Книга Вербовщик. Подлинная история легендарного нелегала Быстролетова, страница 79. Автор книги Иван Просветов

Разделитель для чтения книг в онлайн библиотеке

Онлайн книга «Вербовщик. Подлинная история легендарного нелегала Быстролетова»

Cтраница 79

После XXII съезда бывший фронтовик и лагерник Александр Солженицын передал машинописный экземпляр своей повести «Щ-854. Один день одного зэка» в редакцию «Нового мира». Согласовывали ее долго, переименовали в «Один день Ивана Денисовича», печатали – с личного одобрения Хрущева. 18 ноября 1962 года 97 000 экземпляров журнала развезли по киоскам и разослали подписчикам по всей стране. Издание с «Одним днем» стремительно исчезло с прилавков, и редакция допечатала еще 25 000. В январе 1963 года повесть вышла в «Роман-газете» 700-тысячным тиражом, а летом – еще и отдельной книгой. Константин Симонов, писатель с высочайшим авторитетом, отозвался о ней с исключительной похвалой:

«Тема повести связана с такой страшной и кровоточащей раной, что по-настоящему поднять ее мог […] лишь художник, безгранично любящий людей своей Советской страны и верящий в их нравственную силу». [400]

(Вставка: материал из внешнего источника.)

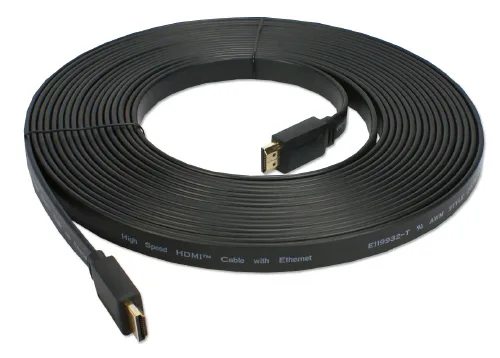 Cable tín hiệu HDMI to HDMI 20m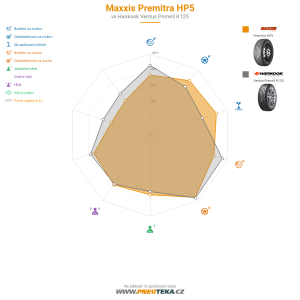 Srovnávací tabulka
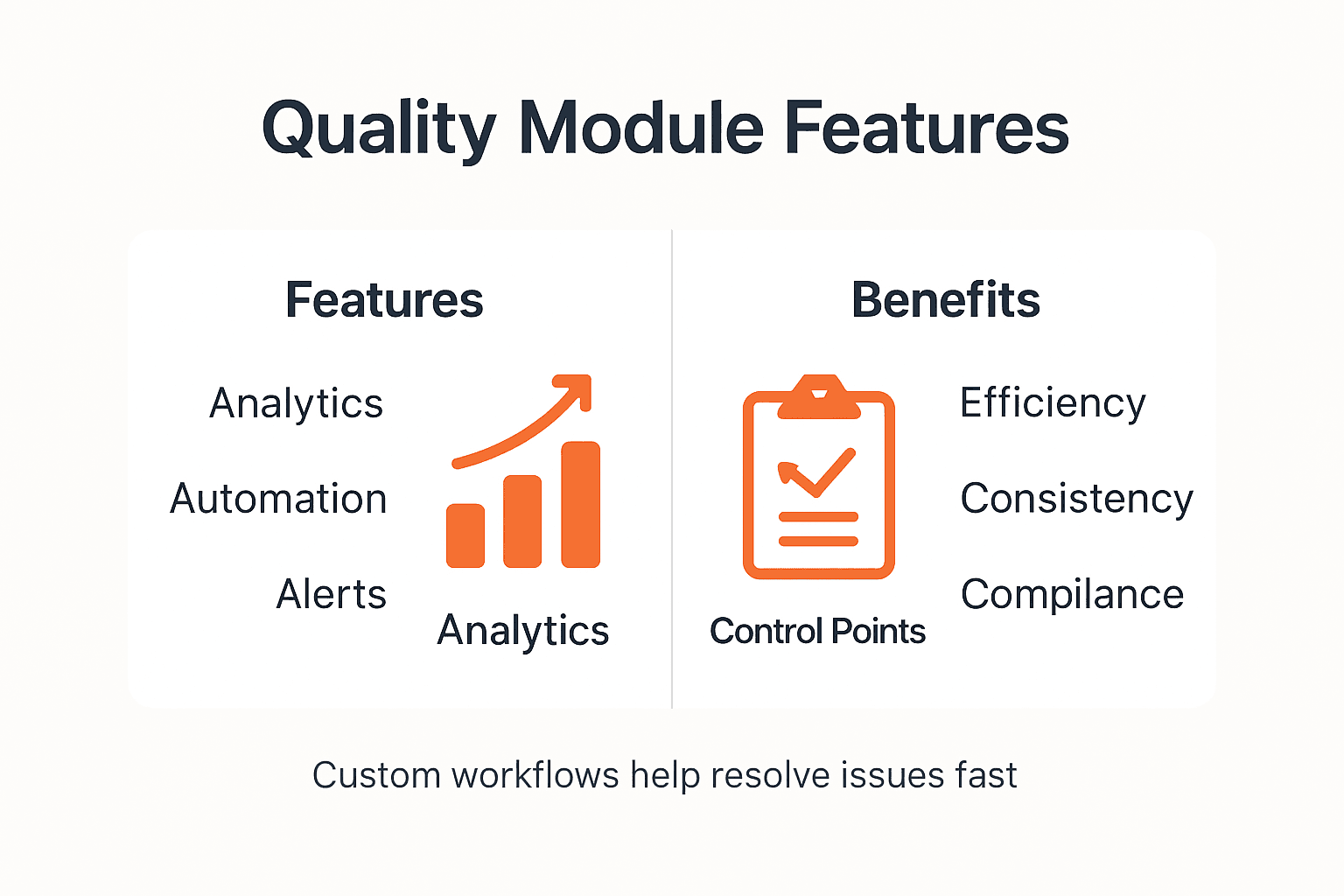 Infographic on Odoo quality module features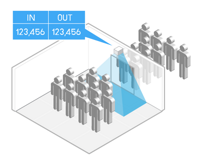 People Counting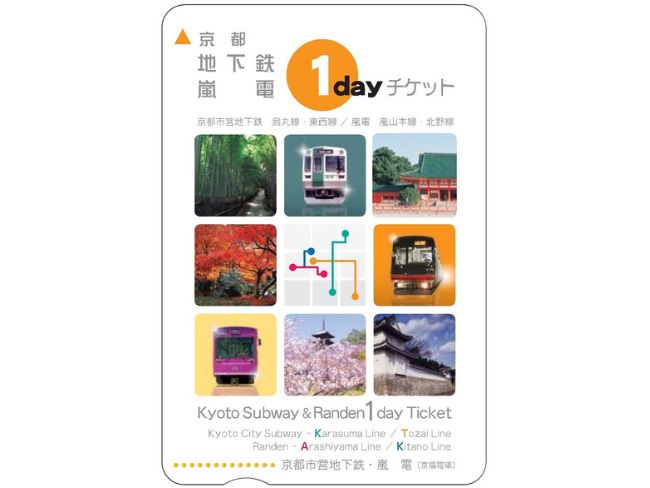 京都地下鉄_嵐電1dayチケット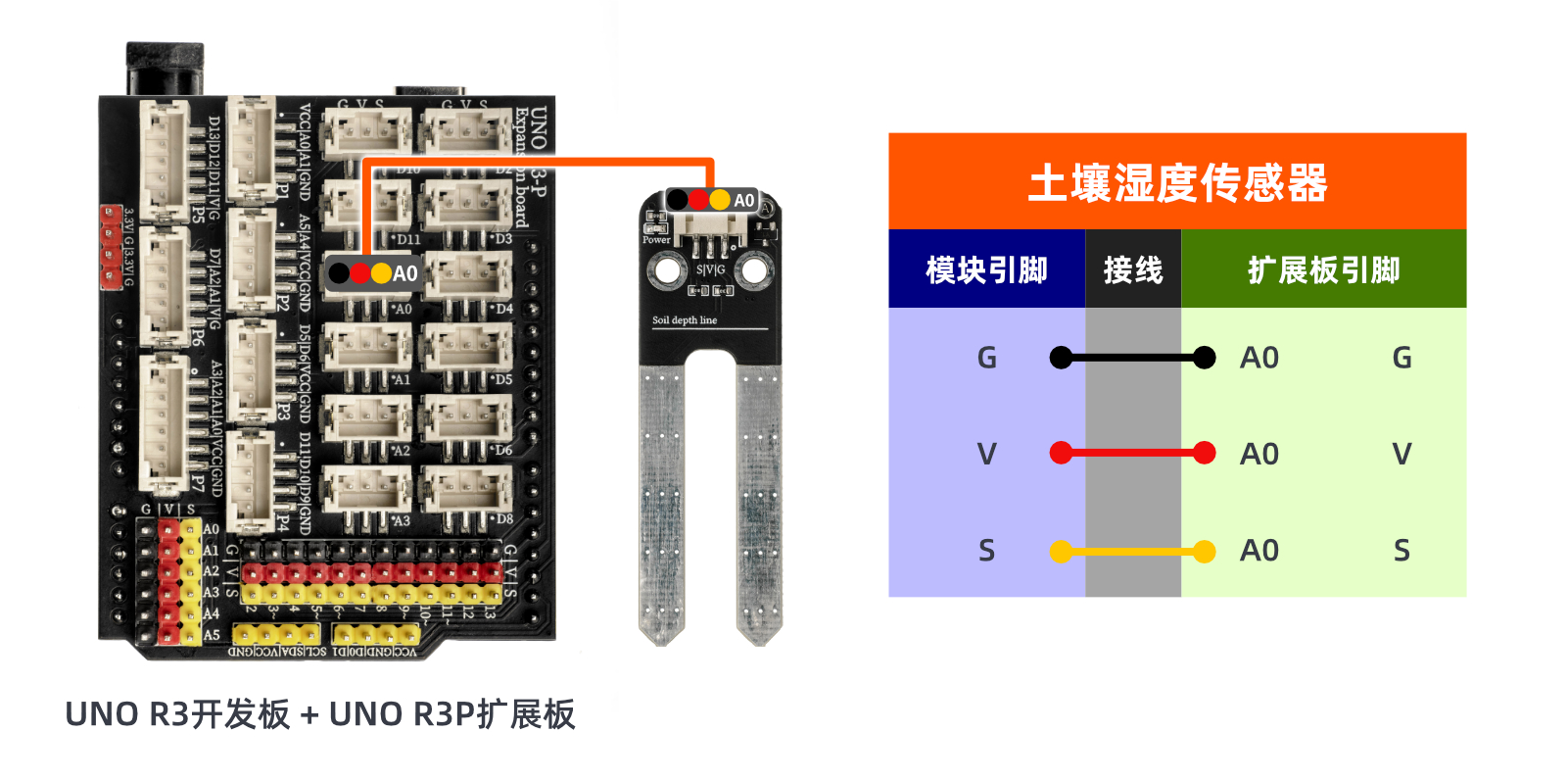 HS-S33P  土壤湿度传感器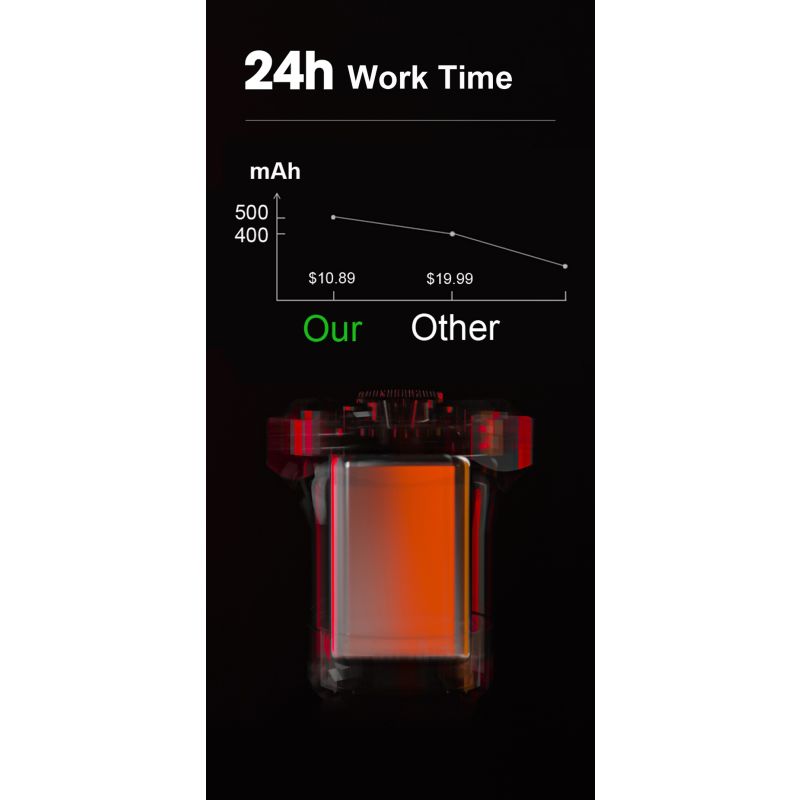 Inteligentné bicyklové chvostové svetlo LED s automatickým štart-stop IPX6 vodotesné cyklistické príslušenstvo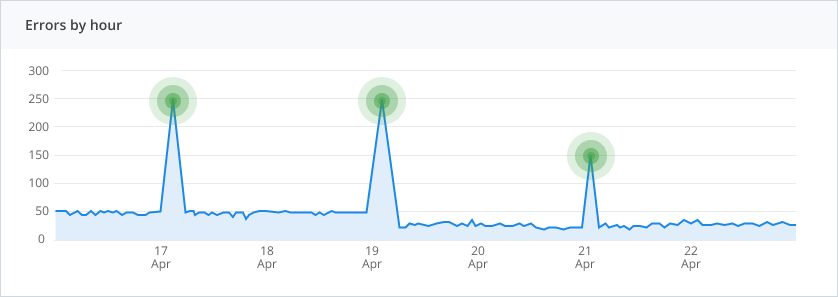 Crash reporting statistics chart with spikes highlighted.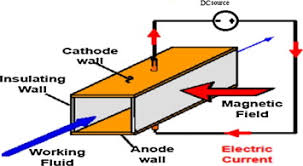Types & working principle | permanent magnet generator working principle. Review Of Magnetohydrodynamic Pump Applications Sciencedirect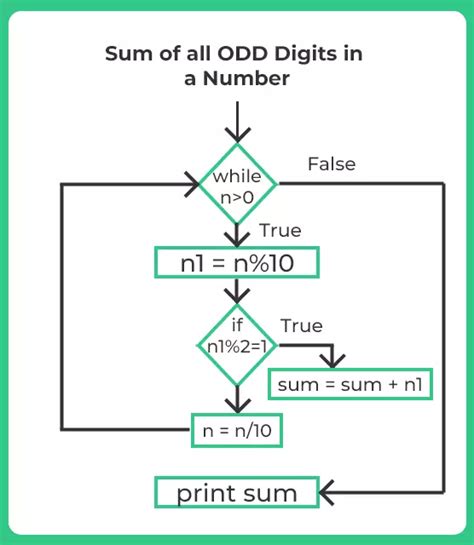 Program To Print Sum Of All Odd Digits Present In A Number Prepinsta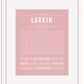 Frame Options | Dusty Rose | White Frame, Matted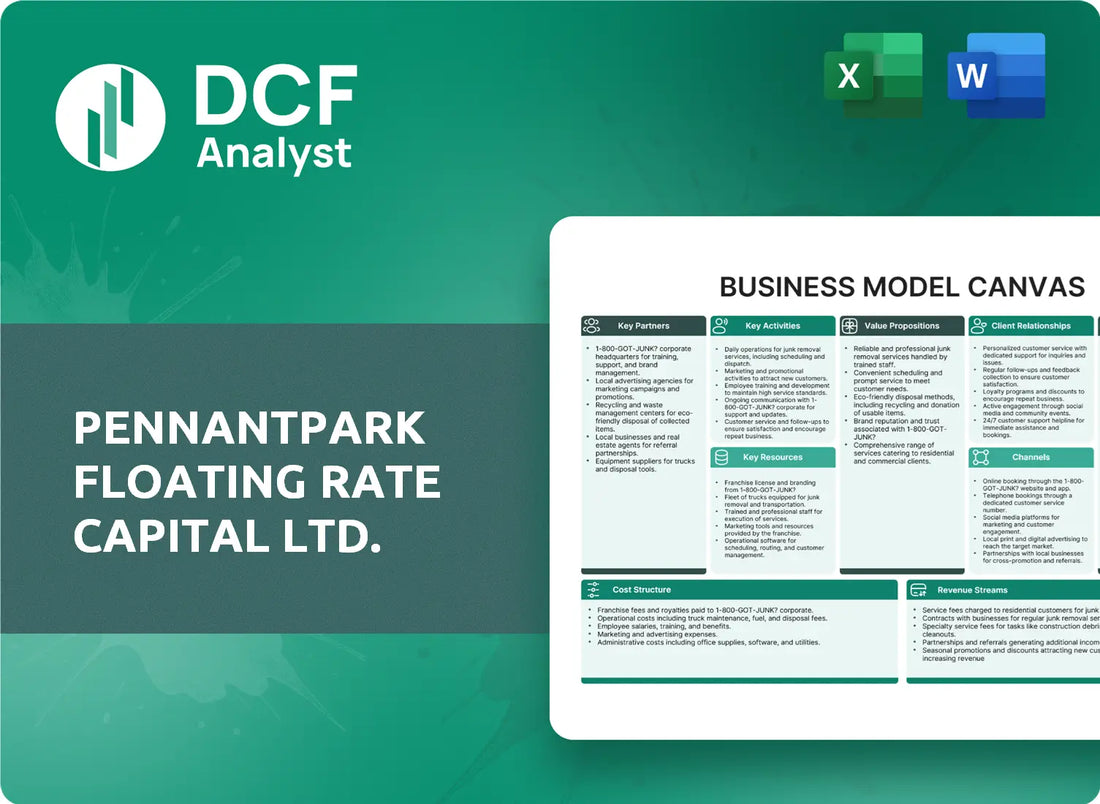 (PFLT) PennantPark Floating Rate Capital Ltd. Business Model Canvas Research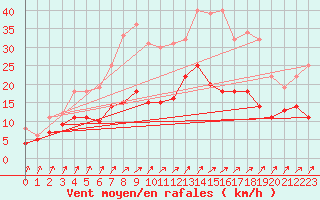 Courbe de la force du vent pour Werl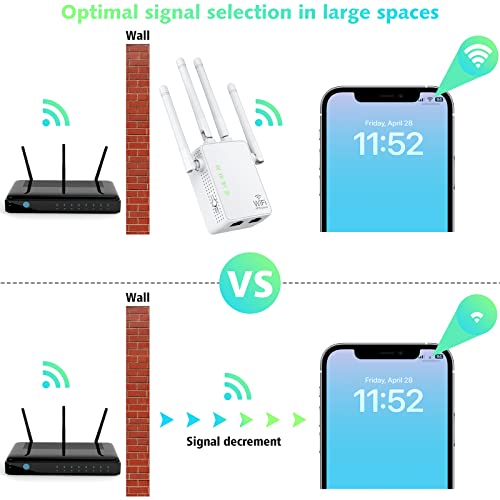 Jancane WF009 WLAN-Extender Repeater AC1200 Dual-Band Access Point, Ethernet, bis zu 465 m², für bis zu 55 Geräte, Ein-Tasten-Einrichtung, Alexa-kompatibel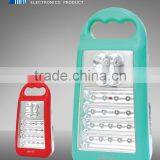 Quanzhou Emergency Light thumbnail-4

Еще до того, как имя Сталина исчезло с мавзолея, вчерашние з/к твердо знали, что о «том самом» прошлом писать нужно – непременно и обязательно.

«Лагерь – отрицательная школа с первого и до последнего дня для кого угодно. Но уж если ты его видел – надо сказать правду, как бы она ни была страшна, – считал Варлам Шаламов. – Со своей стороны я давно решил, что всю оставшуюся жизнь посвящу именно этой правде». [401]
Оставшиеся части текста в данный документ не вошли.